Management of irritable bowel syndrome (IBS) has undergone a notable evolution in recent decades, shifting from largely empirical, symptom-based treatment toward a more nuanced, mechanism-driven approach. However, as clinicians increasingly rely on long-term pharmacotherapy for a condition often diagnosed in early adulthood, questions around the durability and safety of these treatments have come into sharper focus.

A recent large-scale study led by Ali Rezaie, MD, medical director of the GI Motility Program at Cedars-Sinai, sought to address a critical gap in the literature surrounding the long-term mortality risk associated with commonly used IBS medications. His research utilized nearly 2 decades of electronic health records from > 650,000 US adults with IBS, making it the largest real-world study to examine the long-term safety of IBS treatments.

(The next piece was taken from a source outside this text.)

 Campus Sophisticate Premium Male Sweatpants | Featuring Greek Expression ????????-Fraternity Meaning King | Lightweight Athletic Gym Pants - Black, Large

“One important thing about the irritable bowel syndrome is that a lot of patients are diagnosed in their 20s, 30s, or 40s. If you start them on a medication, this is not necessarily a curable disease, so they will be on that medication for years and decades,” Rezaie explained. “The issue is that when we do clinical trials using medications, they have a limited timeframe and they're generally small, so a rare side effect or long-term side effects will not pop up in those types of research. It's very important when we are treating patients with a specific medication to know whether there are risks associated with it.”

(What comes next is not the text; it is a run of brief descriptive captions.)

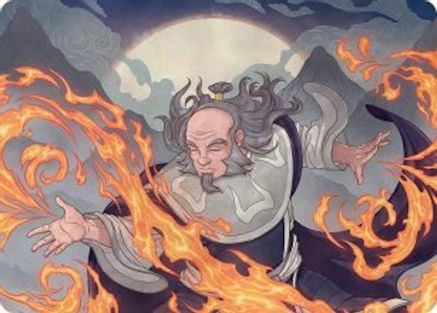 Iroh, Grand Lotus Art Card (ASTLA-047) - Art Series: Avatar: The Last Airbender
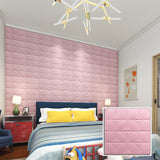 Foam 3D Plate DIY Wall Home Decoration Self-adhesion Stickers Gift Pure Color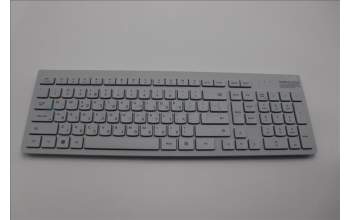 Lenovo 5KM0U87898 Keyboard_Mouse,2.4G,Hebrew,Cloud Grey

He and colleagues performed a retrospective cohort study using a nationwide US electronic health record database from January 2005 to January 2023. Their 1:1 propensity score-matched cohort included 669,083 adults with IBS. Patients were grouped by pharmacotherapy use, with subgroup analyses for IBS with diarrhea (IBS-D) and IBS with constipation (IBS-C). Rezaie noted the analysis accounted for more than 50 variables—including comorbidities, concomitant medications, demographics, and lifestyle factors—to minimize confounding.

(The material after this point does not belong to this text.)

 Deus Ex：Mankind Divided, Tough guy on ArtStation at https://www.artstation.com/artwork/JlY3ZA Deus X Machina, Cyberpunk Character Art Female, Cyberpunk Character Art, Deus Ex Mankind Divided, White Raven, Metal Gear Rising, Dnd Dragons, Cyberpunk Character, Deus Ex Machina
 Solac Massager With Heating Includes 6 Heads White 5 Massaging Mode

Results showed antidepressant use was associated with an increased risk of all-cause mortality (hazard ratio [HR], 1.35; 95% CI, 1.26–1.45; mortality rate, 1.6% vs 1.0%) and remained consistent across antidepressant subclasses and demographic subgroups.

While the relative increase was approximately 30%, the absolute risk difference remained modest. However, given that IBS affects a substantial portion of the US population, Rezaie noted that even small absolute increases could translate into meaningful population-level impact.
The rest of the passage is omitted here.